Figure 7 - In a nodal system, electricity price could vary by Grid Supply Point (or node), displayed here.
  • For example, high wind generation in Northern Scotland would drive down prices in this area due to low regional demand, and constraints limiting the export of power elsewhere.
  • Through a locational price signal, generators such as Peterhead may be incentivised to minimize their planned output during windy times. This would negate the need for National Grid ESO to re-dispatch the asset in the Balancing Mechanism.
  • National Grid ESO views the implementation of locational pricing as an important aspect of achieving net zero carbon emissions, since a cleaner fuel mix is encouraged during times of high renewable generation.
  • In order to recover costs, assets such as Peterhead may need to increase their outputs during times when intermittent generation is lower, and consequently, regional power prices are higher.
  • This could be challenging due to operational factors such as the ability to accurately predict wind levels.
  • However, if viable, it would result in a more efficient market, helping to smooth out the supply of electricity to this constrained region of the grid, and thus provide more stability at a reduced cost to the consumer. Crucially, it would also mean a lower carbon cost, as the plant should need to ramp up and down less frequently.

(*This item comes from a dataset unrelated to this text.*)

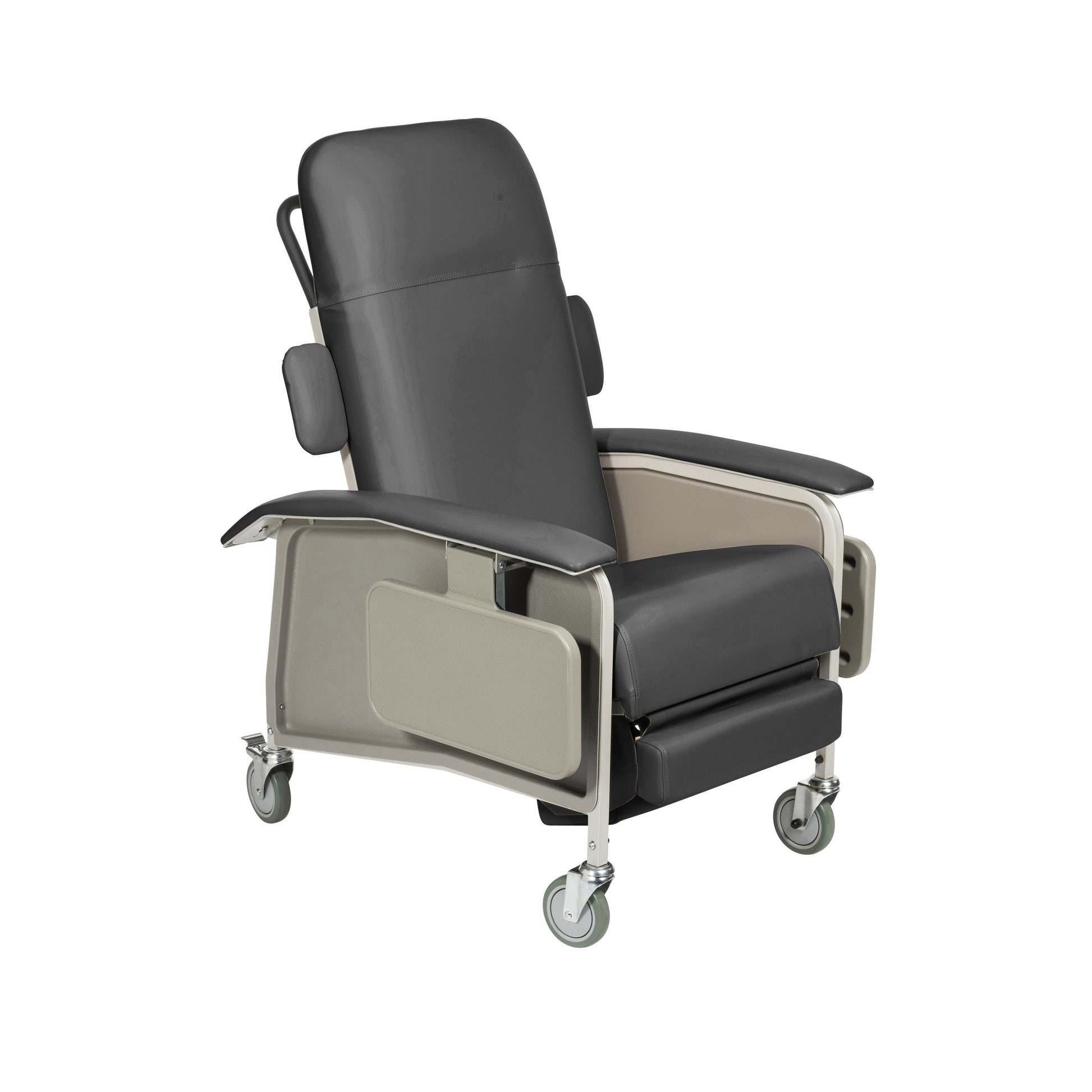 Charcoal geriatric recliner chair with padded armrests, safety handle, and caster wheels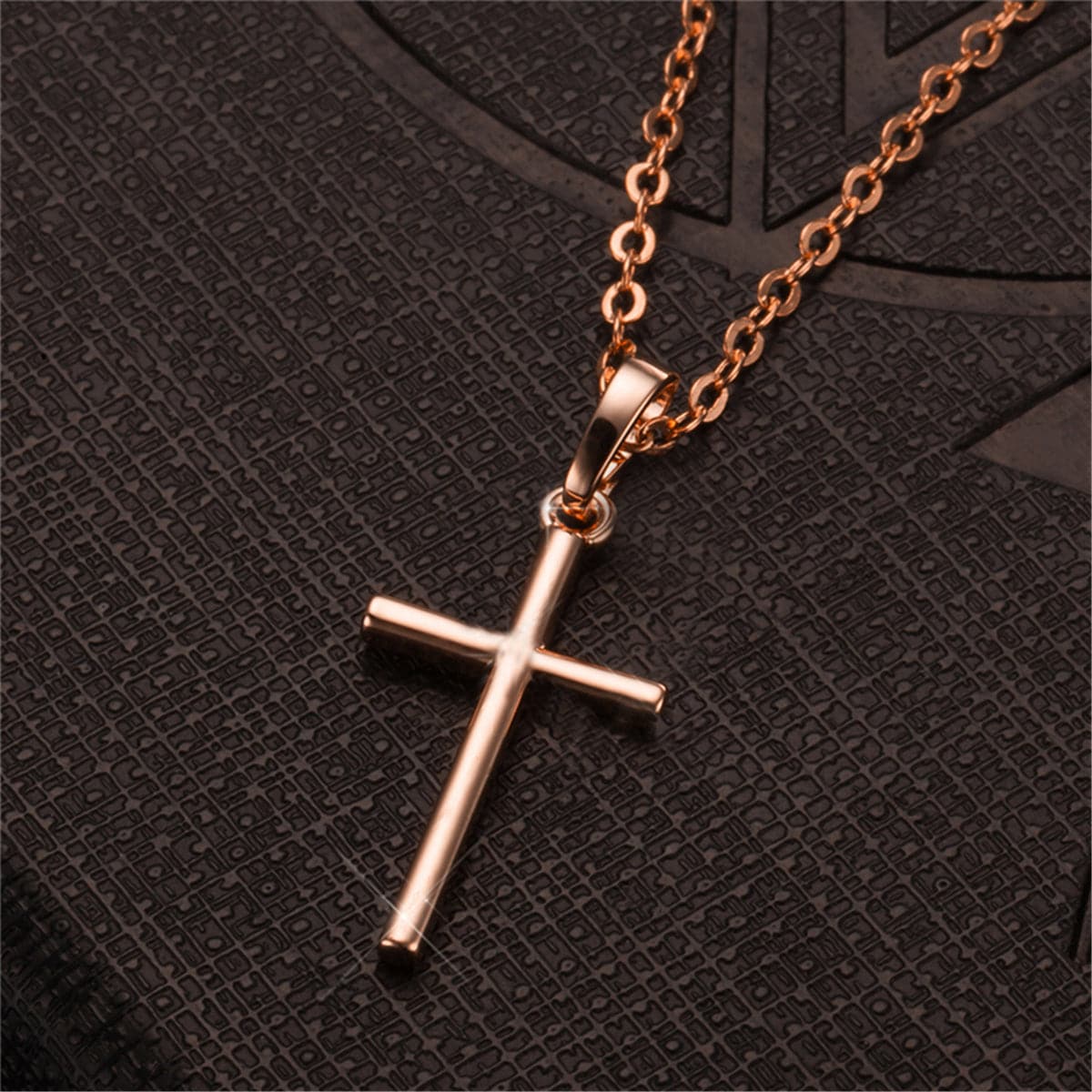18K Rose Gold-Plated Cross Pendant Necklace, rose gold pendant necklace for women, everyday style, front view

The themes drawn from this case study exemplify why REMA is looking so heavily into locational pricing, namely, that this type of system could result in a greener grid at a lower cost to the consumer. The elephant in the room, however, is whether our Net Zero goals can be achieved purely by market transformation, without the corresponding investment needed to provide grid infrastructure transformation.

So, what have we learned?

  • CCGTs are a key source of flexible generation to the grid, providing in excess of 21 GW in capacity.
  • Assets in constrained regions are bid down in the Balancing Mechanism at times when the constraint is under significant pressure.
  • For example, Peterhead is a uniquely positioned CCGT, as it lies behind a key constraint in Northern Scotland, limiting its ability to export power towards demand in the South.
  • Peterhead’s competition with renewable generation on windy days causes it to experience large bid volumes in the Balancing Mechanism, which are largely canceled out by a net turn-up from the rest of the CCGT fleet.
  • Locational marginal pricing may present a more efficient market mechanism for solving constraint-related issues, providing the necessary conditions for a decarbonized grid in the future. National Grid ESO is consulting on this topic as part of the REMA proposals.